An additional potential stumbling block includes the fact some EU states have not yet joined the FNC, holding out hope that their own security priorities will be directly addressed by these new initiatives. France, moreover, has chosen to forego framework state status entirely, though remains party to existing and ongoing bi- and tri-lateral projects in Europe. These cooperative defense projects are already in full swing, driven and funded by select EU member states, and remain outside the new pan-European framework. It is not yet clear how these kinds of “private endeavors” will be integrated, if at all. It also remains unclear how new EU capabilities and strategic priorities will be integrated into the NATO framework. Finally, EU states will need to be able to effectively harness innovation coming out of their private sectors to produce cutting edge military equipment. Getting to a point where these kinds of public-private partnerships function with ease is no simple task.
Having a Europe with military forces that can by themselves serve as an effective deterrent to military aggression is, of course, a desirable security goal for all. Bringing it into existence may, however, ultimately force the question of where to go with arms control in Europe, given the atrophied Conventional Forces in Europe Treaty, and now well-documented violations of the Intermediate-Range Nuclear Forces Treaty.
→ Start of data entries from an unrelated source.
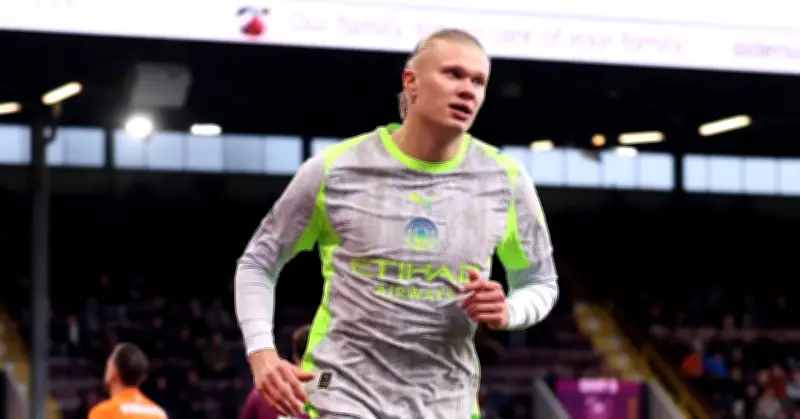 Man City Thắng Sát Nút 1-0 Trước Burnley, Duy Trì Phong Độ Ở Ngoại Hạng Anh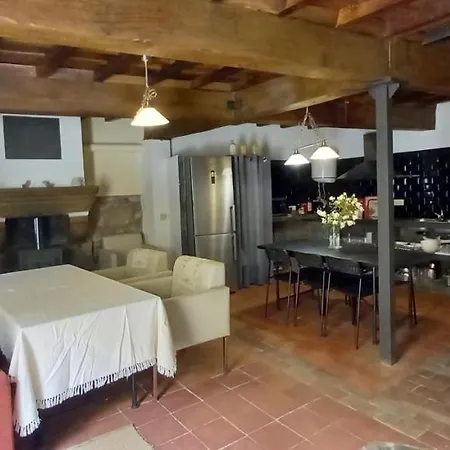 Hostel Albergue San Blas - Via De La Plata Y Caparra - Via Verde *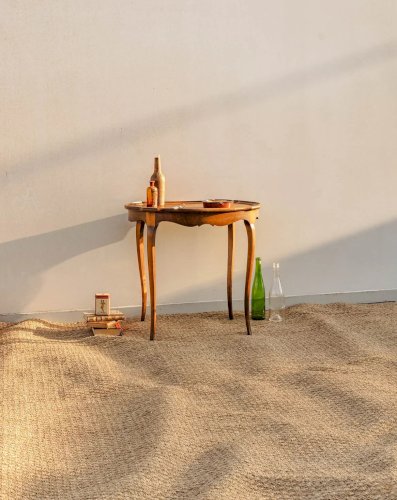 Francine, la table d'appoint en bois N°617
Additional follow-on effects include those that come from essentially creating a novel hub of military innovation that could, in the limit, pose a formidable challenge to the primacy of the US defense sector, as well as precipitate the chain reaction of increasing innovation, production, and ultimately diffusion of military technologies.
To a certain extent, this process of Europe seizing the reins and revamping its collective military capabilities is inevitable, particularly in the current security landscape. Its potential long-term effects range from beneficial to nefarious, although it’s too soon to say for sure what exactly to expect. If successful, PESCO projects may ultimately serve to add competition and fuel innovation to the defense industrial landscape, or contribute to already bloated global military-industrial complex, with new and more weapons and systems that can increasingly, digitally, evade controls, or both. In Europe, at least, the mood seems to be one of determination mixed with cautious optimism right now.
Amy J. Nelson, Ph.D. is a Robert Bosch Fellow in residence at the German Council on Foreign Relations (DGAP) in Berlin. She is also a research scholar at the Center for International and Security Studies at the University of Maryland and a nonresident fellow at the Stimson Center.